Quando si vota per il dopo Raggi

Le elezioni per il rinnovo della carica di sindaco della capitale e del Consiglio comunale sono previste per la tarda primavera del 2021, pandemia permettendo. Si vota con sistema maggioritario, se nessun candidato supera il 50% dei voti al primo turno i due più votati vanno al ballottaggio.

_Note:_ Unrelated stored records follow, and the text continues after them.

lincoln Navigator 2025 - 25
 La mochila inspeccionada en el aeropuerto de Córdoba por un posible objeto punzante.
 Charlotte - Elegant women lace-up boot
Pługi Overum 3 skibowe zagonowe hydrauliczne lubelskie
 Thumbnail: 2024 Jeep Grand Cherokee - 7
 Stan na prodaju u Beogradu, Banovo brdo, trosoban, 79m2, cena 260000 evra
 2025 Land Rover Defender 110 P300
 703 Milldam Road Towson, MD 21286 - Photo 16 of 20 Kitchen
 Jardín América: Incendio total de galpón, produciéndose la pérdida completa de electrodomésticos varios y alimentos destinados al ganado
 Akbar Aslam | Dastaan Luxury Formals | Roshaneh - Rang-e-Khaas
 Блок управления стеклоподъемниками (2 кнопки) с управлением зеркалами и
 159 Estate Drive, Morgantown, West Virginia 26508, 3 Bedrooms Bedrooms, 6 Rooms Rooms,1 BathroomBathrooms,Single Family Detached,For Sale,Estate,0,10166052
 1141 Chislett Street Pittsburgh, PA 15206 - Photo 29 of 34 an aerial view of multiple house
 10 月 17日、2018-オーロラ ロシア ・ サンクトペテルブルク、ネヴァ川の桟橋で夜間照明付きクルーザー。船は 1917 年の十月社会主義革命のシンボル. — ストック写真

Tra i papabili candidati si è parlato di Carlo Calenda, Massimo Giletti, la stessa Virginia Raggi con un secondo mandato, di Vittorio Sgarbi, Monica Cirinnà o l’ex presidente dell’Europarlamento Antonio Tajani, in quota Forza Italia.

Secondo un sondaggio di Euromedia Research, il centrodestra sarebbe in vantaggio, con Massimo Giletti al 31% contro un 26,5% per Calenda. Qualora invece partecipasse Giorgia Meloni la leader Fdi sarebbe al 44,6% per cento dei voti contro il 22,2% di Calenda. La sindaca uscente resterebbe indietro al 16,9%. Nell'ipotesi in cui il candidato del centrodestra fosse Tajani, vincerebbe al ballottaggio con il 30,3%.